The Divine Lamp

The unfolding of thy words gives light; it imparts understanding to the simple…Make thy face shine upon thy servant, and teach me thy statutes

Father MacEvilly’s Commentary on 2 Peter 1:2-7

Posted by Dim Bulb on June 2, 2012

A Summary of 2 Peter 1~The Apostle commences this chapter with the usual form of apostolical salutation (verses 1-2), In the next place, he exhorts the faithful, seeing that God has bestowed on them the most exalted gifts (3-4), to correspond with his gracious designs, by performing, on their part, aided by divine grace, the good works necessary for securing ihe end of salvation, and by practising, in an exalted degree, the Christian virtues, of which he points out, in a beautiful order, a perfect series or gradation. In this chain of virtues, the first link is the virtue offaith; the last, charity (5-7). He points out the good effect of cultivating, in a perfect degree, these exalted virtues (8); and, on the other hand, he shows the great evils which their absence entails on a Christian, who, without them, is blind and groping in the dark (9).

He next exhorts them to insure, by good works, the object of their vocation and election (10).

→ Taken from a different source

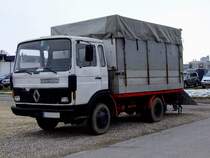 RENAULT, hat in seinem Aufbau Pferde fr eine Veranstaltung herangekarrt; 130402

And he points out the end and glorious rewards to which perseverance in good will conduct them (11). He declares his determination to instruct them in these truths; this he considers a matter of duty, during the short time he had to live; that his continuance in life was to be very brief, he knew from revelation (12-14).

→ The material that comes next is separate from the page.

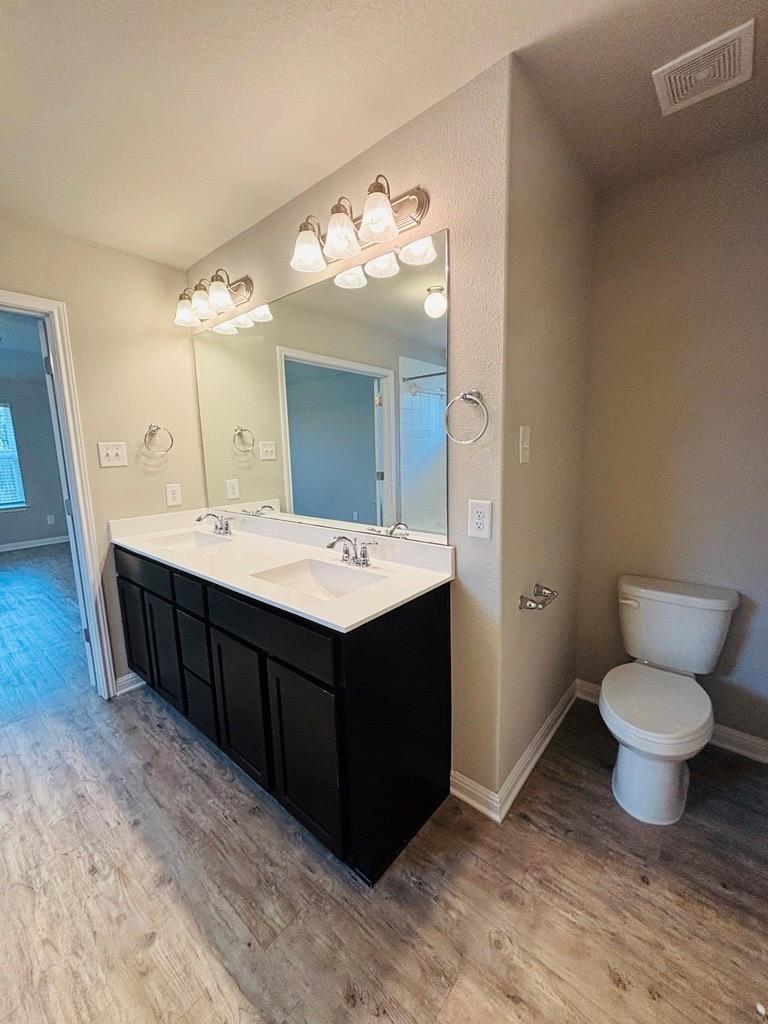1414 Walden Pond Dr, Pflugerville, TX 78660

He expresses his anxiety to take some steps, whereby they may be enabled, even after his death, to call these truths to mind, probably, by leaving his written Epistles, or, “by commending these things to faithful men,” as did St. Paul (2. Tim 2) No wonder, he should be anxious to impart to them his doctrine; for, he received it not from any false or erroneous source; he only declared concerning Christ’s glory, what he, himself, was an eye-witness of, at the transfiguration, a type of the glory to be displayed at his second coming (16). He refers, also, to the splendid testimony rendered to him by God the Father (17); a testimony which St. Peter, together ivith John and James, heard when they were with him on Mount Thabor (17-18).

He next adduces the testimony of the prophets, which, in the mind of the Jews, carried greater weight with it, than any attestation of the Apostles; and, he commends them for attending to this testimony, until they are firmly established in the faith (19).

He tells them, in attending to the oracles of sacred Scripture, to bear in mind, that the sacred Scriptures are to be interpreted, not by any private exposition; but, to be explained by the same spirit, by which they were originally dictated (20-21).

2Pe 1:2  Grace to you and peace be accomplished in the knowledge of God and of Christ Jesus our Lord.

May the blessings of grace and peace be increased and multiplied for you, along with, or, through your knowledge of God, and of Christ Jesus our Lord, which knowledge is the source of all spiritual blessings.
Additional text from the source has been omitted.